→ INSTRUCTIONS FOR THE TASK
Print the lines in the listing below that fall between the line with "slide 2 of 4, Full/Queen" and the line with "a kids stay", those two lines included, exactly as they stand and with nothing else.

→ DATA EXCERPTS
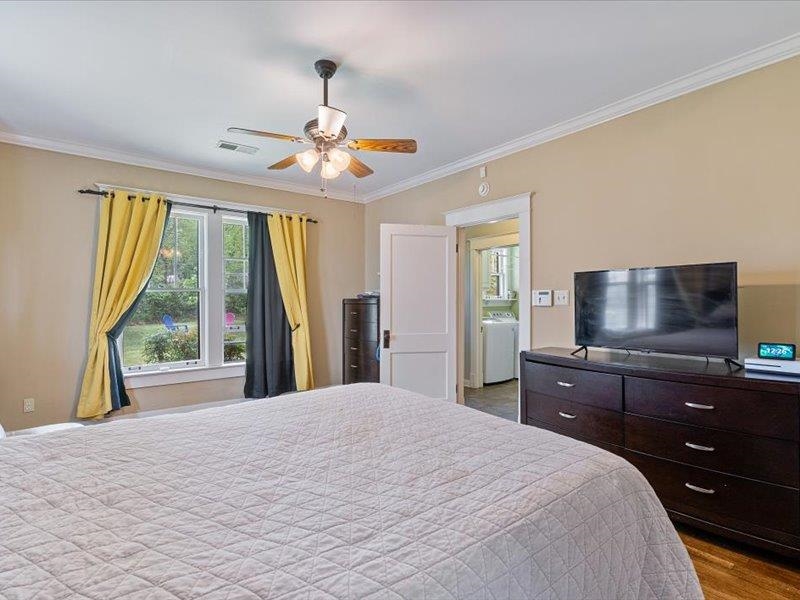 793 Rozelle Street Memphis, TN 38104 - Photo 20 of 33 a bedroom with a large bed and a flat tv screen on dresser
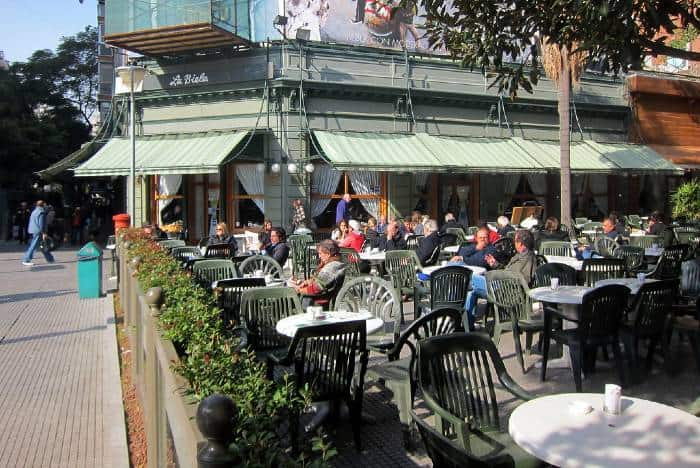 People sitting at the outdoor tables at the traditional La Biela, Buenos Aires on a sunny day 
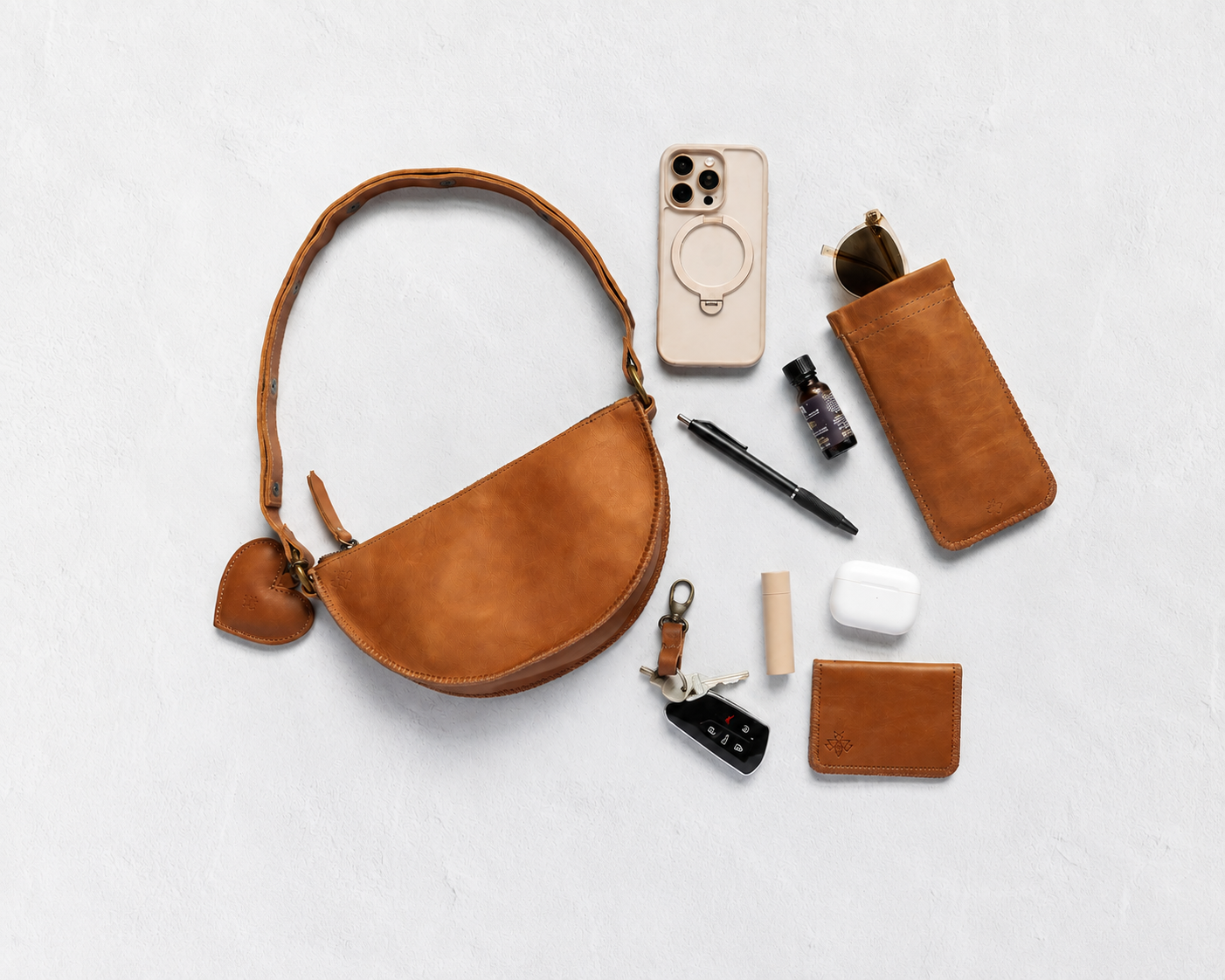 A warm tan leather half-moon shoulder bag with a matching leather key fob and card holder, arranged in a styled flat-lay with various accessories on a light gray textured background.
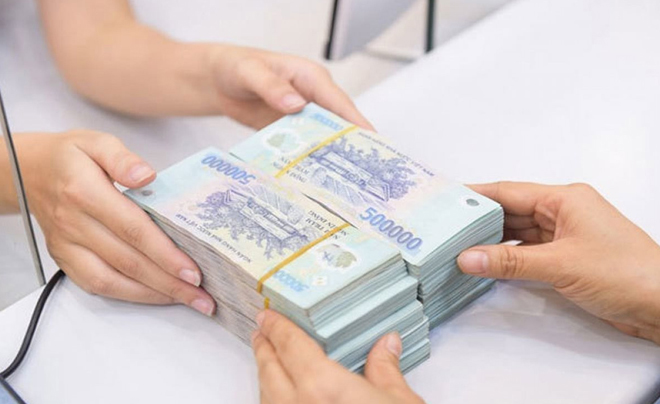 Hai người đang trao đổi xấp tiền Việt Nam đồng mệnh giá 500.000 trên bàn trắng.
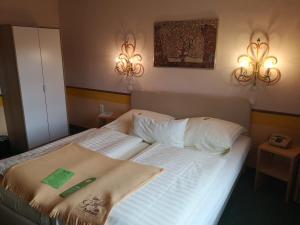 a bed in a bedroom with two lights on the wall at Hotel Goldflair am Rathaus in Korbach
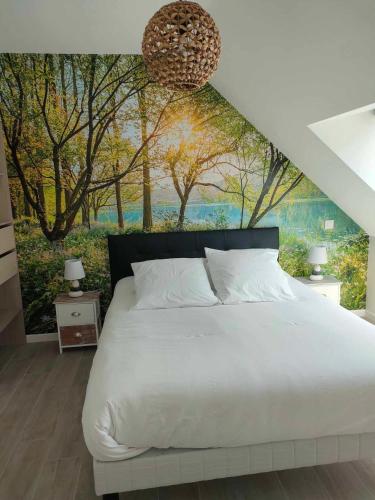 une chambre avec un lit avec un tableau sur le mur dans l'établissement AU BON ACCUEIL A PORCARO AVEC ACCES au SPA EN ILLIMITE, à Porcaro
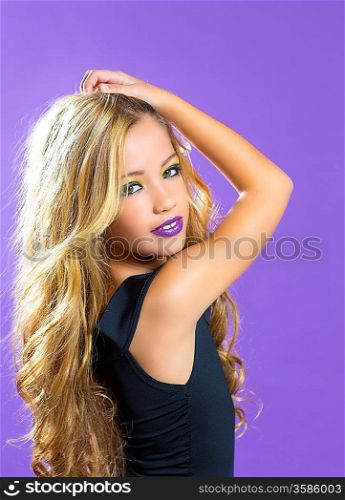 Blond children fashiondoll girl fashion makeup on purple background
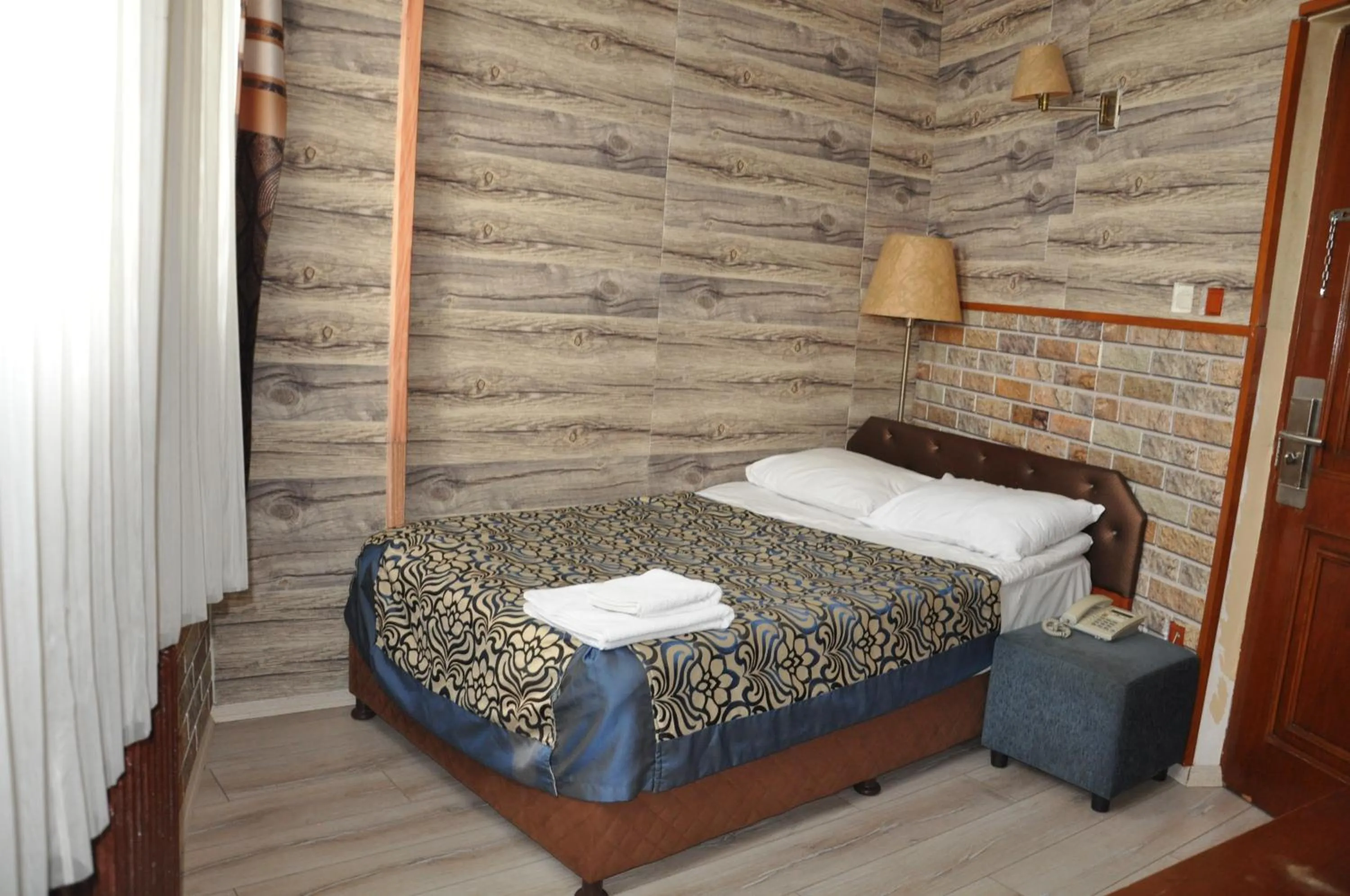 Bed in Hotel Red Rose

==

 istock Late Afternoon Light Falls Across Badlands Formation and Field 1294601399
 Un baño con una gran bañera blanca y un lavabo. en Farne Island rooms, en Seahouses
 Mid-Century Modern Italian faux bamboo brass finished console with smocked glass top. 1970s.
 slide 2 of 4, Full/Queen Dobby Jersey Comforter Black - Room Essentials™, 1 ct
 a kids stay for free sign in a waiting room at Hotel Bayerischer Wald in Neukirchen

→ SOLUTION TO THIS TASK
 slide 2 of 4, Full/Queen Dobby Jersey Comforter Black - Room Essentials™, 1 ct
 a kids stay for free sign in a waiting room at Hotel Bayerischer Wald in Neukirchen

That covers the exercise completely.